* _Work order_
From the line that includes "Hanbing's tweet image." to the last line of the records that follow, copy every line exactly and nothing more, omitting pictures.

* _Data for this exercise_
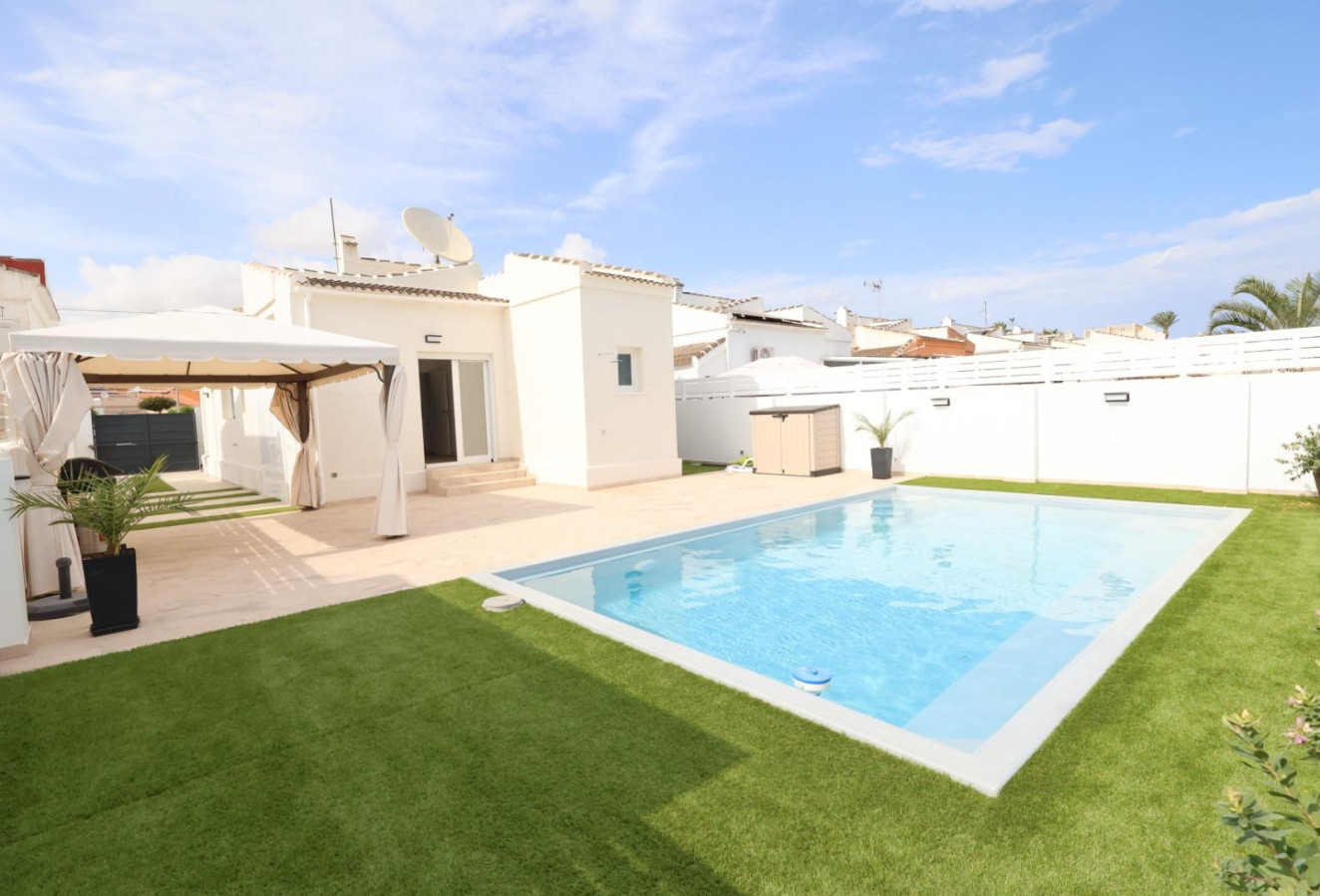 Reventa - Villa - Torrevieja - San luis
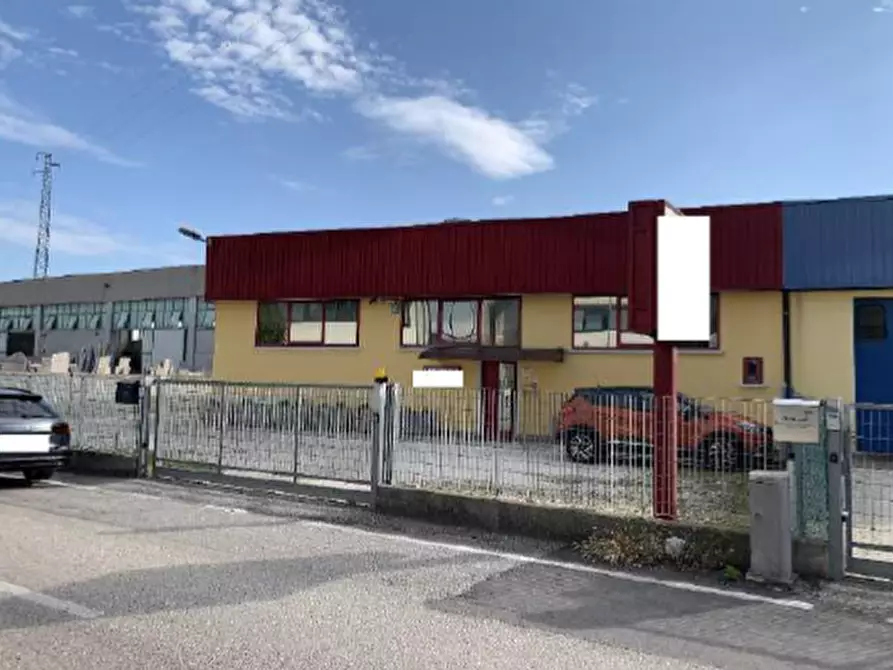 Immagine 2 di Capannone industriale in vendita  in Via delle Industrie, 8 a Santa Maria Di Sala
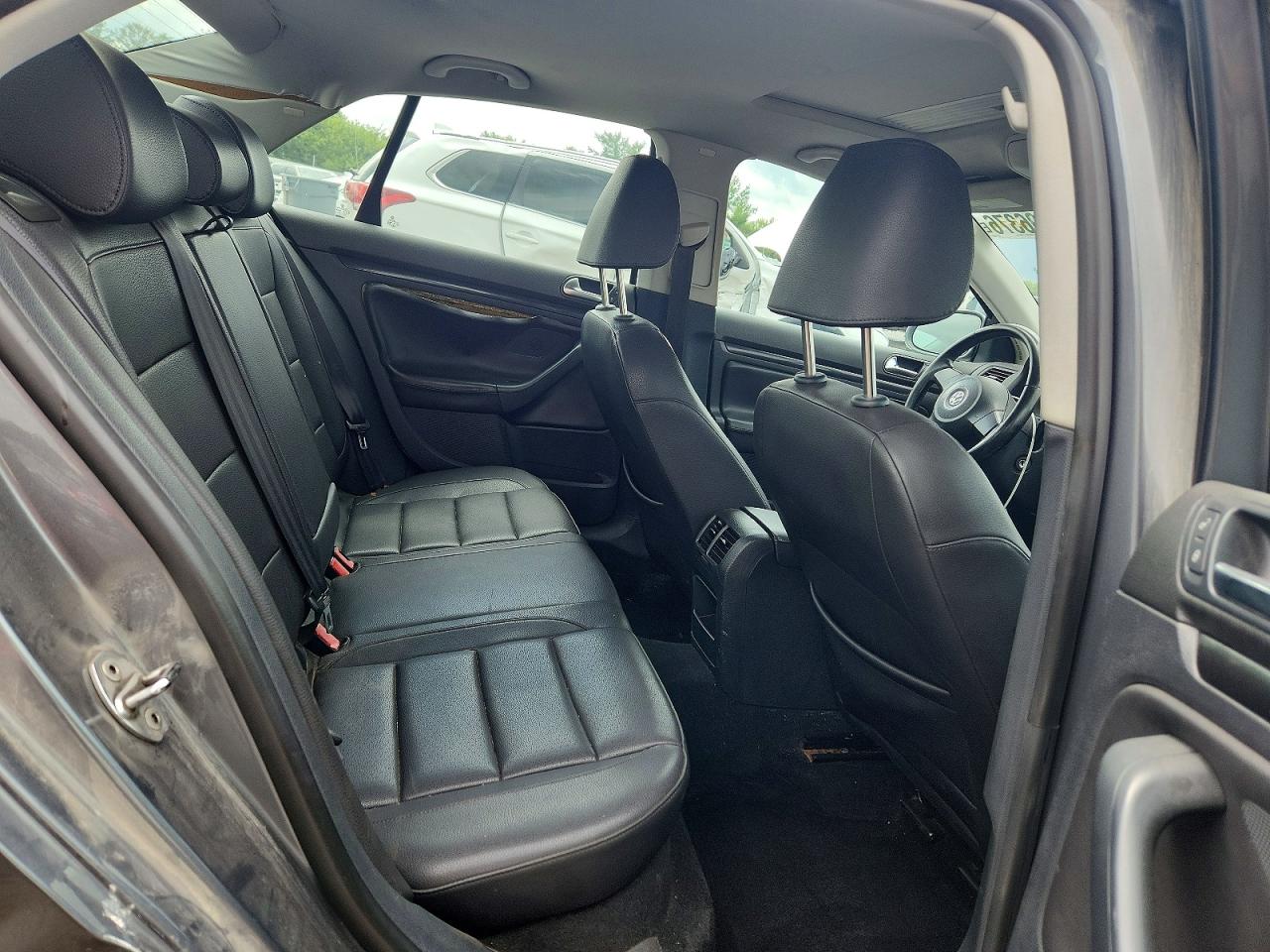 2010 Volkswagen Jetta Se Gray vin: 3VWRZ7AJ5AM050269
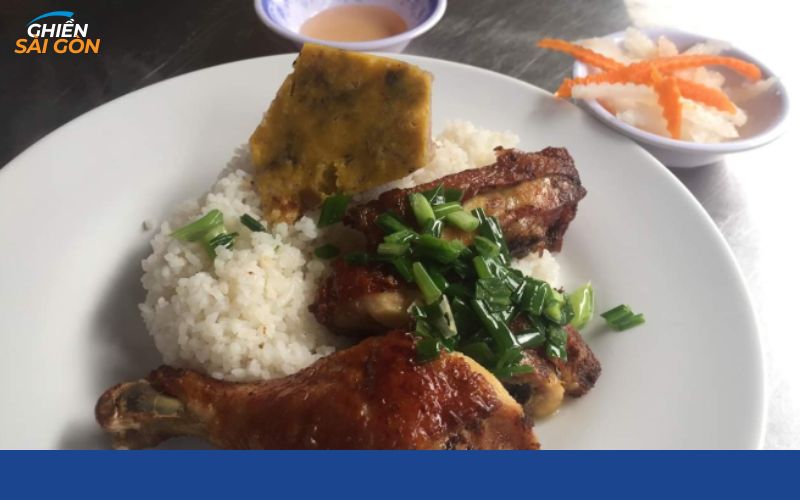 Phần cơm sườn bì chả tại Bé Bự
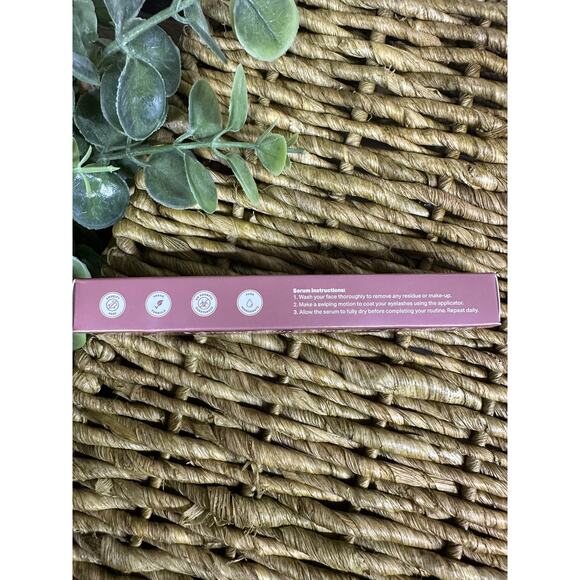 Trybello 2-in-1 Eyelash Growth Serum + Mascara Dual Wand - Picture 4 of 4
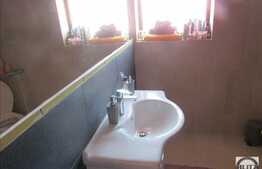 Casa individuala de vanzare, 137 mp utili, teren 501 mp, zona linistita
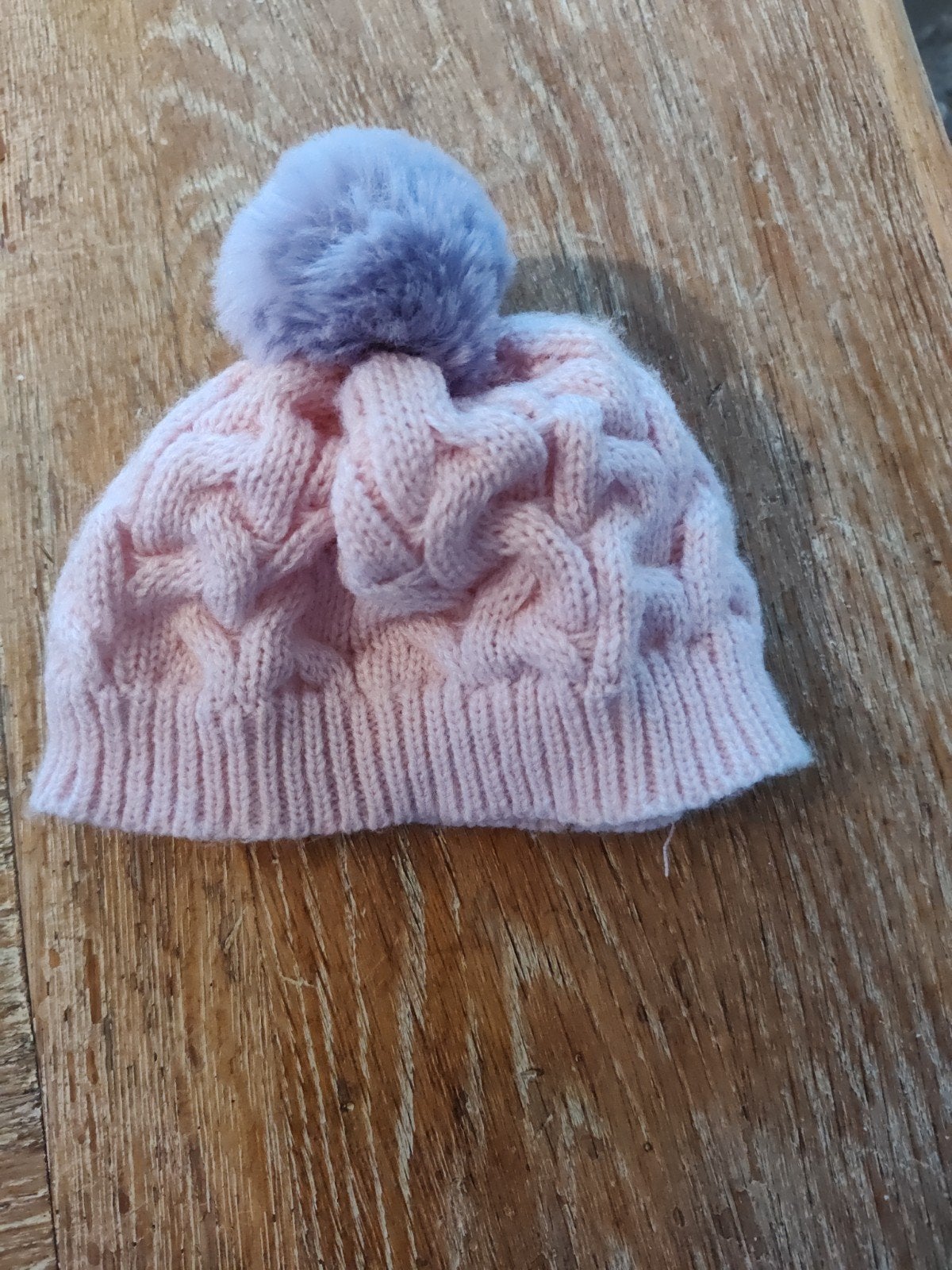 Roze poppenkleding set: broekje, slofjes en muts, Ophalen of Verzenden, Gebruikt, Onbekend, Meisje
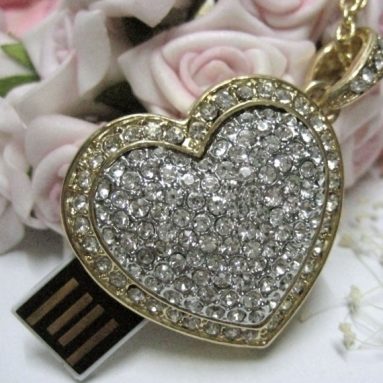 Heart USB Necklace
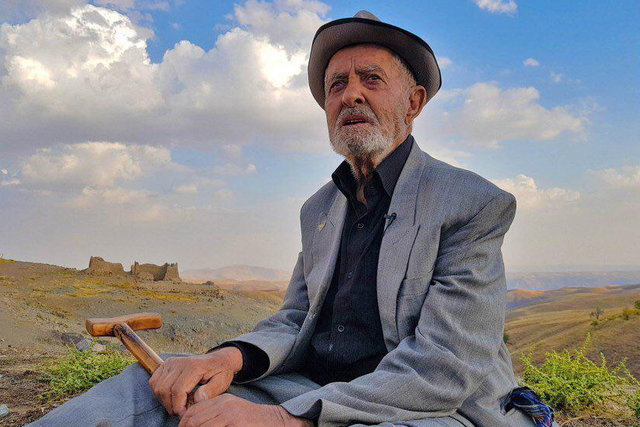 ویدئو / ماجرای «دهقان فداکار» از زبان خودش ریزعلی خواجوی دهقان فداکار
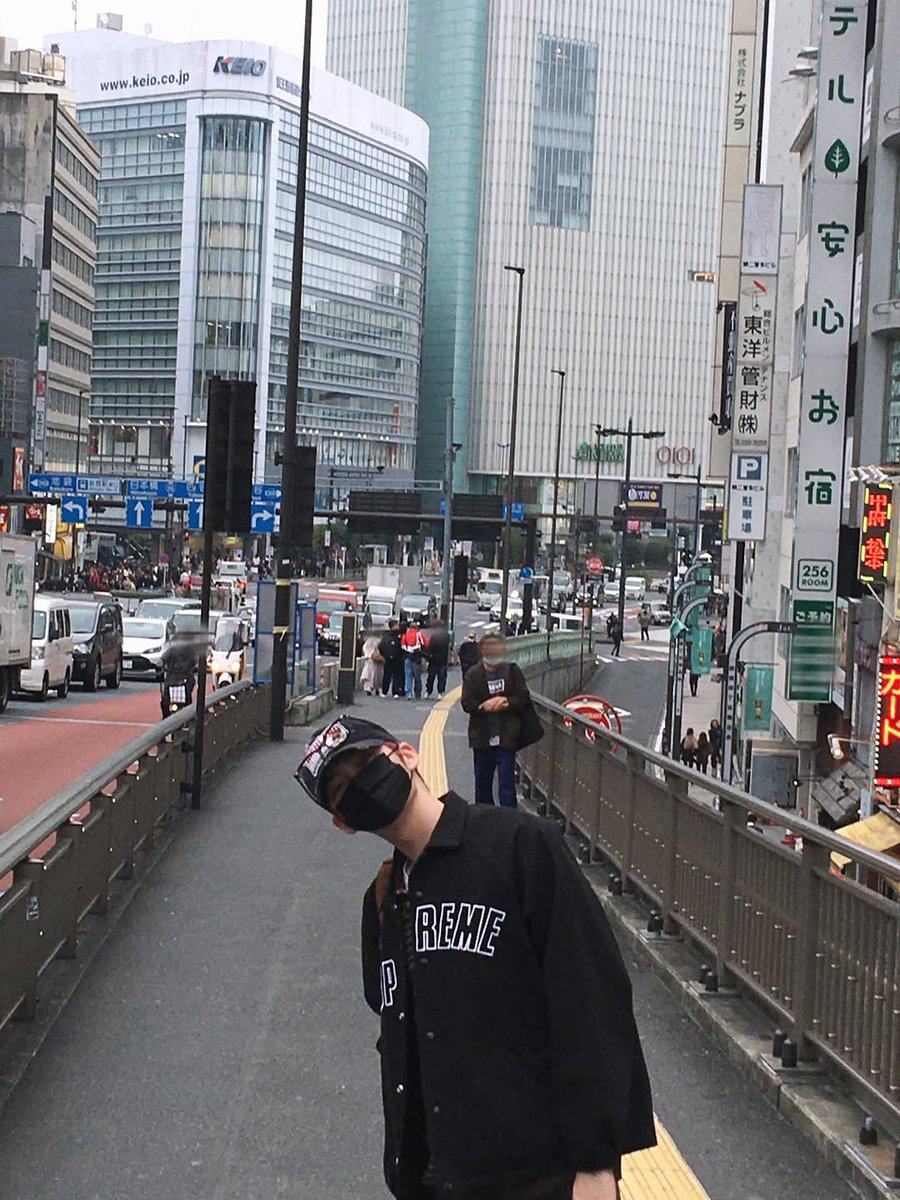 Hanbing's tweet image. Arms out, head down, and hat on, ready to conquer this city one awkward pose at a time. I could pretend I’m blending in, but let’s be real, I’m probably attracting more attention. Who knew walking around like this would be my new favorite way to explore?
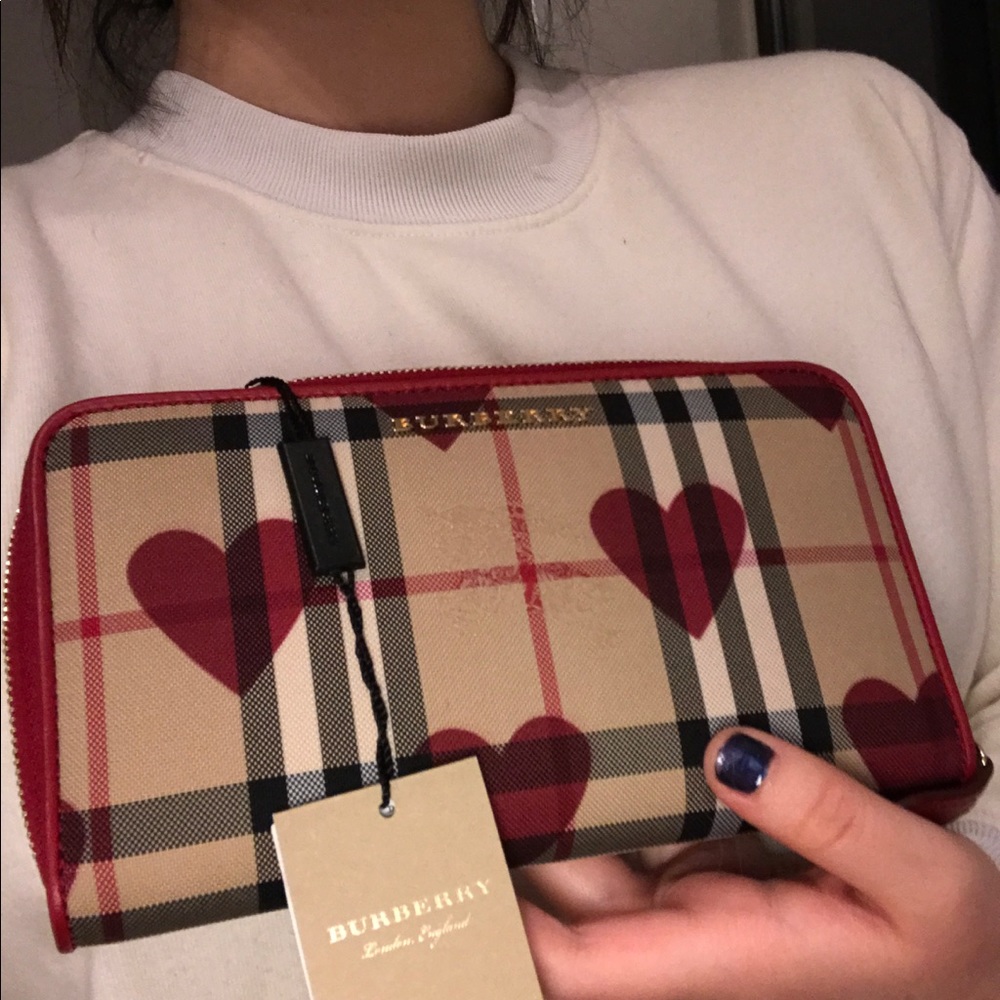 Burberry hearts printed long wallet(with tag)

* _Task output_
 Hanbing's tweet image. Arms out, head down, and hat on, ready to conquer this city one awkward pose at a time. I could pretend I’m blending in, but let’s be real, I’m probably attracting more attention. Who knew walking around like this would be my new favorite way to explore?
 Burberry hearts printed long wallet(with tag)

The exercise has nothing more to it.